Ma bien chère fille,

Mgr de Nîmes est très touché de votre souvenir; il a besoin qu’on lui porte de l’intérêt. Ses souffrances sont par moments très vives. J’espère pourtant que le beau temps lui permettra de retourner chez lui.

Au point où nous en sommes, l’incertitude la plus grande règne dans le concile. Hier matin, le bruit était qu’Antonelli avait obtenu que l’on ne traiterait l’infaillibilité que vers Pâques. Hier soir, un Jésuite (et les Jésuites sont bien renseignés) m’affirmait que le grelot sera attaché vendredi. Vous savez que c’est la fête de la couronne d’épines. Les gallicans après tout lâchent pied. Ainsi Haynald, dans le discours qu’il n’a pas pu finir(1), avait parfaitement reconnu le Pape infaillible. Pourquoi alors cette opposition? Hélas! parce que beaucoup ont à se faire pardonner beaucoup. Et puis, parce que la promulgation de l’infaillibilité implique la condamnation du libéralisme.

Vous abordez un sujet dont j’ai les oreilles rebattues du matin au soir par quelqu’un ici. Et je finis par m’apercevoir que quand on veut remonter à cert[ain]es origines, on est épouvanté de voir l’erreur ayant fait des premiers pas dans une certaine sainteté mystique et avoir grandi comme dans un nid de dévotion. M. Icard(2) joue ici un très gros jeu par rapport à sa Congrégation, et des évêques le lui ont fait observer. Evidemment, s’il ne mène pas la faction, il est le premier aide [de] camp d’Orléans, ou plutôt je le considère comme une puissance alliée, qui par ses services a le droit d’imposer certains tempéraments, mais qui peu à peu inspire la défiance de ce qui vient de Rome et trouve une pieuse consolation à constater un à un les abus des Romains. On s’occupe de démolir ces Messieurs.

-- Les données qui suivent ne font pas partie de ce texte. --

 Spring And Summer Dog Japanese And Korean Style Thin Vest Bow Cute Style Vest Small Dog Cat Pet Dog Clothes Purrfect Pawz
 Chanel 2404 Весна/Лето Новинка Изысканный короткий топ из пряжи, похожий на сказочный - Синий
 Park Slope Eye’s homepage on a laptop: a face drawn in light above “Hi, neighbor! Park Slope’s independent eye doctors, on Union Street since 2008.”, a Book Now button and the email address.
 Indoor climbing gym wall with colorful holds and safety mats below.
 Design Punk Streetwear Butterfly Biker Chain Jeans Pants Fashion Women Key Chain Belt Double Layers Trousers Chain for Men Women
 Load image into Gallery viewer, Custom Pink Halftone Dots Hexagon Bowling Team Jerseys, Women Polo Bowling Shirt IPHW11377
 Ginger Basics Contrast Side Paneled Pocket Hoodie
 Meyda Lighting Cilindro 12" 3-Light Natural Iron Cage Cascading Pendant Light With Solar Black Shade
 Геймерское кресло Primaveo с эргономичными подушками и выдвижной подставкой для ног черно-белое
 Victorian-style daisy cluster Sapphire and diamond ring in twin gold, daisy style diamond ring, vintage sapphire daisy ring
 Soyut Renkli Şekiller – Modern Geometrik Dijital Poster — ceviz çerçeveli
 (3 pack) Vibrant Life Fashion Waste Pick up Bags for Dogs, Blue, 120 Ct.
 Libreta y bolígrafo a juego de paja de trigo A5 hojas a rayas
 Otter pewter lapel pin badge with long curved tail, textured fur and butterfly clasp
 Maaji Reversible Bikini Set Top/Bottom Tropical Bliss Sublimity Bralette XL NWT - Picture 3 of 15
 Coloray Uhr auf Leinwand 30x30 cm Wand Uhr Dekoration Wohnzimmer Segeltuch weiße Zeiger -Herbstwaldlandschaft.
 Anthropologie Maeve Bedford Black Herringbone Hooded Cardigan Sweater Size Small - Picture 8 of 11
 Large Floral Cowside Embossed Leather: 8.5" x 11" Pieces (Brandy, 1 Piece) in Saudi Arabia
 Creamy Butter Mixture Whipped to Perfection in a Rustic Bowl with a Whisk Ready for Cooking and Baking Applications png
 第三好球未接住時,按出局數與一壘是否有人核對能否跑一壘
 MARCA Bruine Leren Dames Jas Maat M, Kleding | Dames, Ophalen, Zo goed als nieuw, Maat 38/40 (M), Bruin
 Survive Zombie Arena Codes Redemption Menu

J’espère que le programme du concile tel qu’il a été distribué, sera voté rapidement ou renvoyé à la sagesse du Pape. Evidemment une foule de questions disciplinaires ne sont pas mûres, et il vaut bien mieux que l’on ne promulgue pas des lois qu’il faudrait abolir avant un siècle. Bien mieux vaut laisser ces lois sortir du fait même des changements profanes qui se préparent. Ainsi ne soyez pas étonnée que je me tienne coi pour la question des Congrégations religieuses. Il paraît que le cardinal Bizzarri(3) leur est devenu très favorable. Tant mieux! Mais franchement je m’en occupe très peu. La force des choses est notre plus grande puissance.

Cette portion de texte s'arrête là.